Asparagus Soup
Ingredients (10 portions)
| Amount | Measure | Name |
|---|---|---|
| 1.7 | l | KNORR 1-2-3 SOUP Asparagus 200ptn |
| 200 | g | Potatoes , small dice |
| 200 | g | Courgette , grated |
| 400 | g | Asparagus tips blanched |
Preparation
Advance Preparation
Warm the serving bowls. Bring required amount of water to the boil. Blanch the asparagus by plunging into boiling water for 30 seconds, then remove and run under cold water. Strain then keep covered and chilled until required.
Method
1. Wash and prepare the vegetables. Cover and refrigerate until required for use.
2. Make up the soup as per manufacturers instructions, using 120g mix for 1.7L soup. Bring to the boil and keep hot.
3. Add the potatoes, bring back to the boil. Simmer for 7 minutes or until potatoes are tender.
4. Add the remaining vegetables; simmer for 1 minute.

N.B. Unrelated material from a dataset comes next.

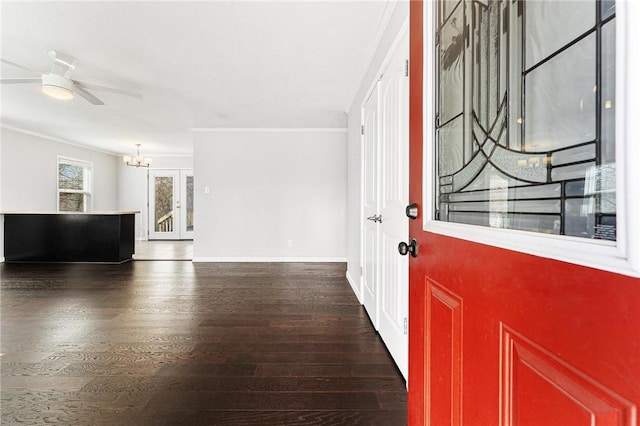 entryway featuring wood finished floors, ceiling fan with notable chandelier, baseboards, and ornamental molding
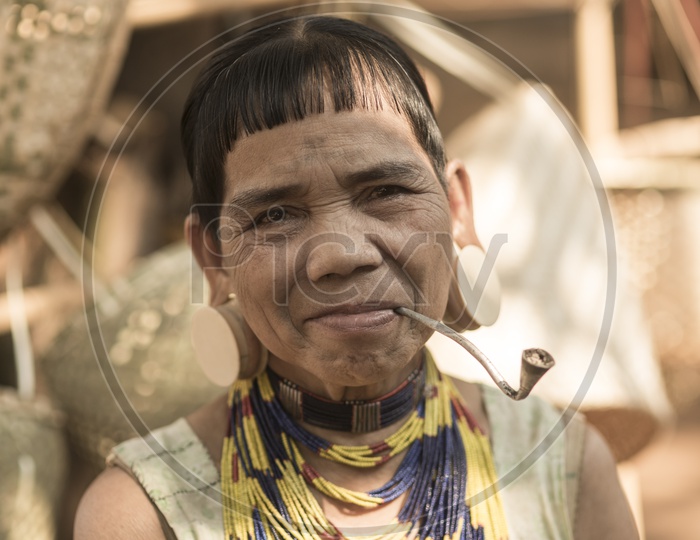 Tribal Woman With Smoke pipe in Thailand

5. Serve ladled into warmed bowls.
Service Hint.
Serve with warm crusty bread.
Handy Hint.
To bulk out the soup, add cooked spinach and ricotta tortellini to the above recipe.
Healthy Hint.
Added salt is not recommended but if used keep to a minimum . If using oil use unsaturated (olive or sunflower) and reduce the quantity used where possible. This helps to provide a nutritional balanced dish.